And then, in your rust file:
use std::path::PathBuf;
use clap::{Parser, ValueHint};
/// A basic example
#[derive(Parser, Debug)]
#[clap(name = "basic")]
struct Opt {
// A flag, true if used in the command line. Note doc comment will
// be used for the help message of the flag. The name of the
// argument will be, by default, based on the name of the field.
/// Activate debug mode
#[clap(short, long)]
debug: bool,
// The number of occurrences of the `v/verbose` flag
/// Verbose mode (-v, -vv, -vvv, etc.)
#[clap(short, long, parse(from_occurrences))]
verbose: u8,
/// Set speed
#[clap(short, long, default_value = "42")]
speed: f64,
/// Output file
#[clap(short, long, parse(from_os_str), value_hint = ValueHint::FilePath)]
output: PathBuf,
// the long option will be translated by default to kebab case,
// i.e. `--nb-cars`.
/// Number of cars
#[clap(short = 'c', long)]
nb_cars: Option<i32>,
/// admin_level to consider
#[clap(short, long)]
level: Vec<String>,
/// Files to process
#[clap(name = "FILE", parse(from_os_str), value_hint = ValueHint::AnyPath)]
files: Vec<PathBuf>,
}
fn main() {
let opt = Opt::parse();
println!("{:#?}", opt);
}
Using this example:
$ ./basic
error: The following required arguments were not provided:
--output <output>
USAGE:
basic --output <output> --speed <speed>
For more information try --help
$ ./basic --help
basic 0.3.0
Guillaume Pinot <texitoi@texitoi.eu>, others
A basic example
USAGE:
basic [OPTIONS] --output <output> [--] [file]...
ARGS:
<FILE>... Files to process
OPTIONS:
-c, --nb-cars <nb-cars> Number of cars
-d, --debug Activate debug mode
-h, --help Print help information
-l, --level <level>... admin_level to consider
-o, --output <output> Output file
-s, --speed <speed> Set speed [default: 42]

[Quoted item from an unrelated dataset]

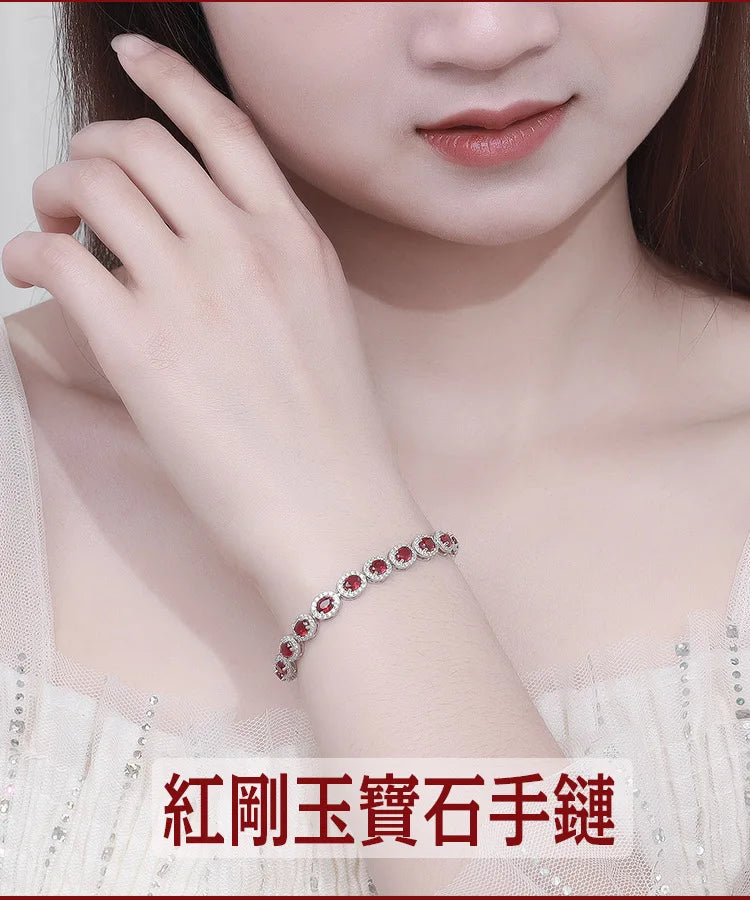 Close-up of a woman wearing a red gemstone bracelet with a blurred background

-V, --version Print version information
-v, --verbose Verbose mode (-v, -vv, -vvv, etc.)
ARGS:
<file>... Files to process
$ ./basic -o foo.txt
Opt {
debug: false,
verbose: 0,
speed: 42.0,
output: "foo.txt",
nb_cars: None,
level: [],
files: [],
}
$ ./basic -o foo.txt -dvvvs 1337 -l alice -l bob --nb-cars 4 bar.txt baz.txt
Opt {
debug: true,
verbose: 3,
speed: 1337.0,
output: "foo.txt",
nb_cars: Some(
4,
),
level: [
"alice",
"bob",
],
files: [
"bar.txt",
"baz.txt",
],
}
clap_derive rustc version policy
- Minimum rustc version modification must be specified in the changelog and in the travis configuration.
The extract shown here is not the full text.